The Deputy President Rigathi Gachagua has read a second riot act against ‘foul-mouthed’ Trade, Industry and Investments Cabinet Secretary Moses Kuria and president William Ruto’s Economic Advisor David Ndii for uttering remarks interpreted as condescending and demeaning to Kenyans amid rising uproar over skyrocketing cost of living.
The DP urged public servants to respect Kenyans as they address challenges facing the country.
Speaking yesterday while addressing the 36th General Conference of the International Scientific Council of the Trypanosomiasis Research and Control at PrideInn Hotel in Mombasa, Gachagua said Kenyans deserve to be treated with respect and listened to all the time, more so during difficult times.
“All of us given the privilege to serve should do so with humility. We should have empathy with the people you are taking care of, respect those under you, address them with respect and decorum. It costs you nothing.” The DP said.
He said those employed in public service should always be keen on how they address citizens.
“If you serve the people of Kenya, those are your bosses, they are your employers. You should dignify them by the way you address them.” He added.
The DP said leaders must always remain focused and steady when addressing challenges.
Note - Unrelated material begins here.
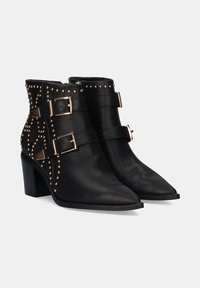 Botas de cuero negro hasta el tobillo con puntas afiladas, acentos de tachuelas doradas y dos correas con hebillas. Los tacones en bloque aportan estabilidad y soporte.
“Even when there are challenges, remain calm and steady and address problems in a humane and humble way, so that those who are victims of that challenge can feel understood and empathised. That is the hallmark of leadership.” He stated.
At the same time, the Deputy President has said the government is ready to respond to related challenges linked to the Elnino rains expected in the country towards the end of the month.
He said the he will convene a meeting with all relevant agencies to tighten their preparedness.
“In the coming week, I will chair the national emergency response committee with all our development partners, county governments, various ministries and all other stakeholders to ascertain their preparedness.” He added.
Gachagua said Kenya is on course to eradicate Trypanosomiasis in a bid to sustain higher income from livestock production.
“Livestock contributes between 30 per cent and 80 per cent to the Gross Domestic Product of Sub-Saharan Africa. But this contribution is under threat from Animal African Trypanosomiasis, which has been linked to economic losses of up to USD 4.5 billion annually” Gachagua noted.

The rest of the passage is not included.